[[ STORED DATA, beginning ]]
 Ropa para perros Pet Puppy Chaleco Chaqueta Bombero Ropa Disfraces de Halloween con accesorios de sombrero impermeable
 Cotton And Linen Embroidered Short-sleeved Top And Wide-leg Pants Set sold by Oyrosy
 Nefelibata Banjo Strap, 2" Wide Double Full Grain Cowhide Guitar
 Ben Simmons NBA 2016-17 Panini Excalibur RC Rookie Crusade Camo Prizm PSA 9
[[ STORED DATA, end ]]
[[ STORED DATA, beginning ]]
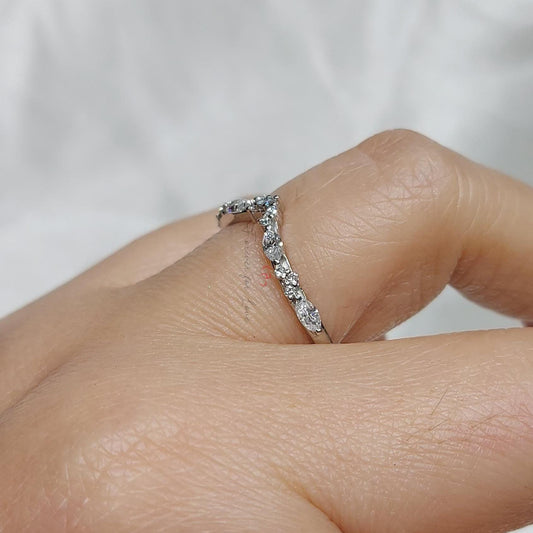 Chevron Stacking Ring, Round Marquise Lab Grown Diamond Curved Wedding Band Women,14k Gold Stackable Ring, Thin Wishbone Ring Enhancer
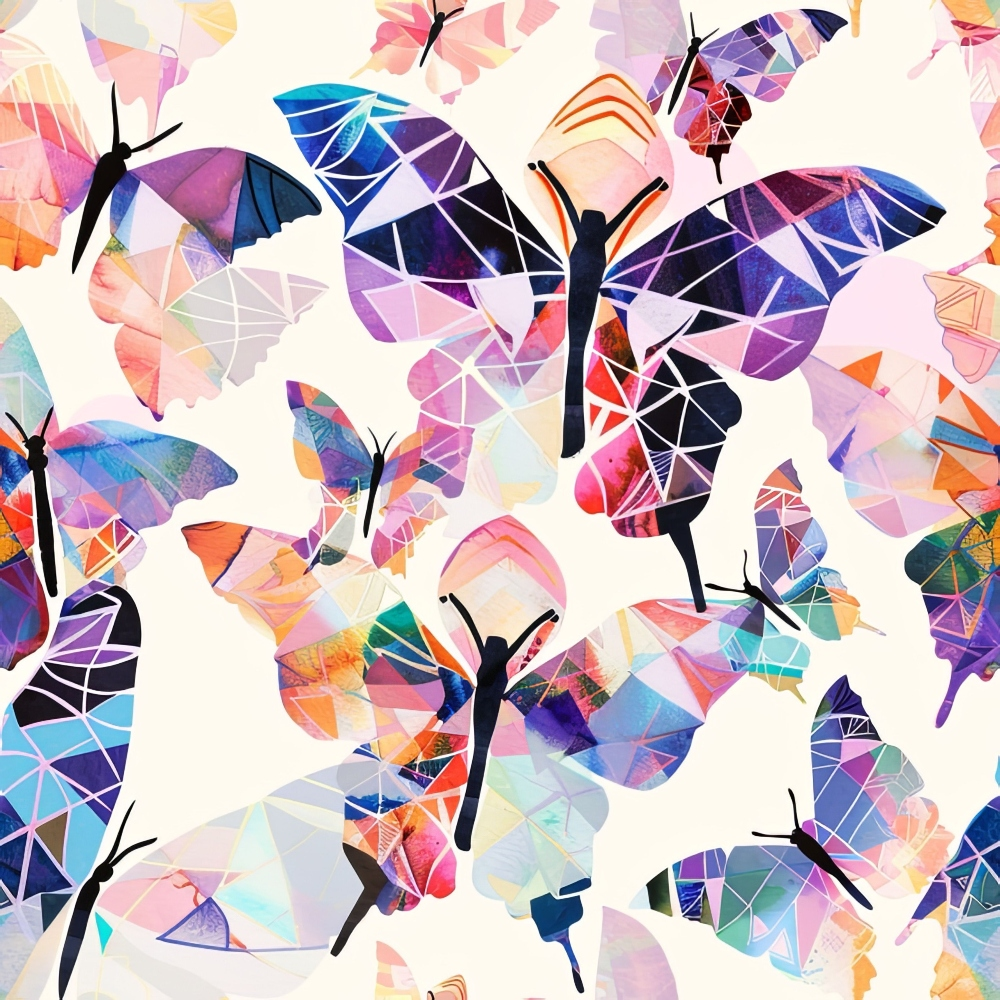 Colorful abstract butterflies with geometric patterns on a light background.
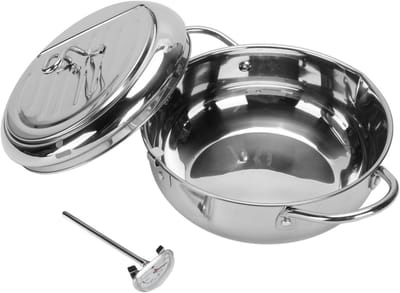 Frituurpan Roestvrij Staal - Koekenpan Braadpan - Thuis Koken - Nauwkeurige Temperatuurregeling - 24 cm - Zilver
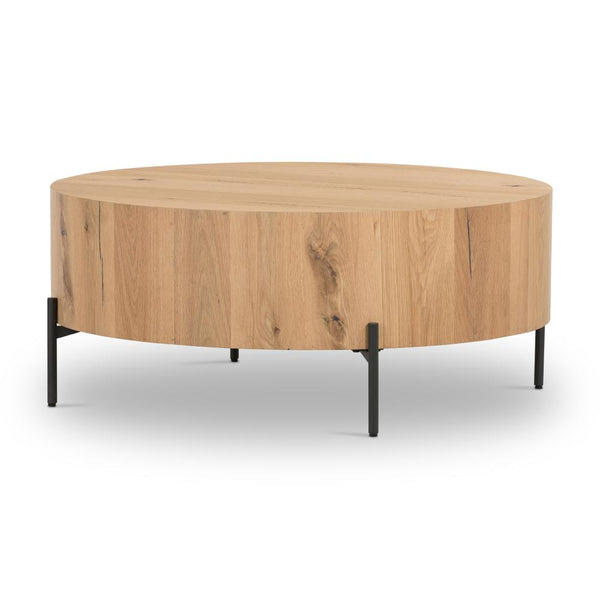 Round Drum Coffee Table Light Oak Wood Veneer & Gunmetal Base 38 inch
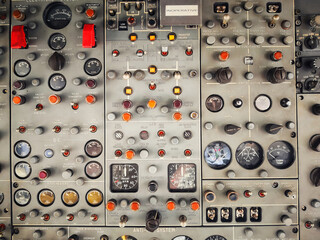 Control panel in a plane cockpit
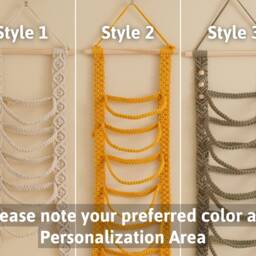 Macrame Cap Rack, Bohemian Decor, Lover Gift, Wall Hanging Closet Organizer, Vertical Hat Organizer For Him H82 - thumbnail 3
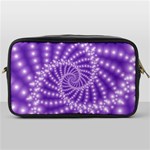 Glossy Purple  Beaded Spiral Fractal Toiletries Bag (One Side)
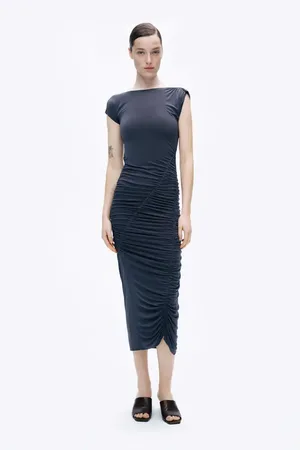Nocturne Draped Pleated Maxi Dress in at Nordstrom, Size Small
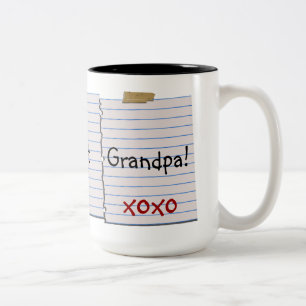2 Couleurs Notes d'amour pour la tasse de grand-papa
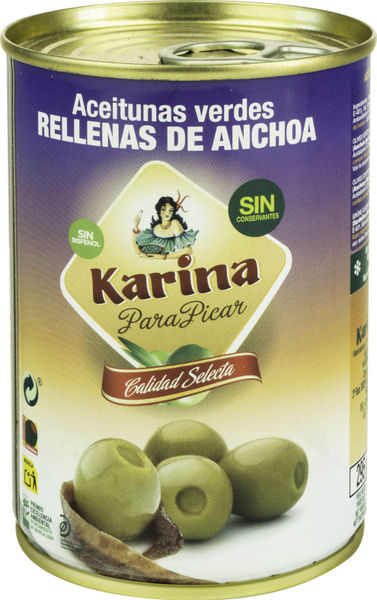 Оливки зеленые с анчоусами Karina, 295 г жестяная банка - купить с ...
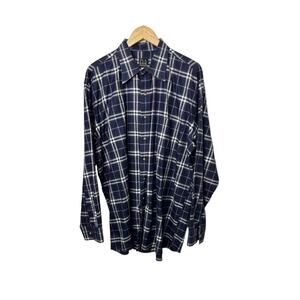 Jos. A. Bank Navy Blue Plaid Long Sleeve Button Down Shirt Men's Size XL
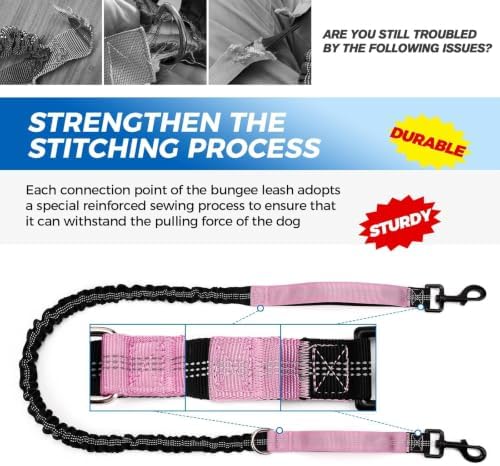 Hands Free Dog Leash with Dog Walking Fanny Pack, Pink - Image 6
[[ STORED DATA, end ]]
=== WHAT THE EXERCISE ASKS ===
Make a list of all lines in the data that contain "Wide".

=== EXERCISE ANSWER ===
 Cotton And Linen Embroidered Short-sleeved Top And Wide-leg Pants Set sold by Oyrosy
 Nefelibata Banjo Strap, 2" Wide Double Full Grain Cowhide Guitar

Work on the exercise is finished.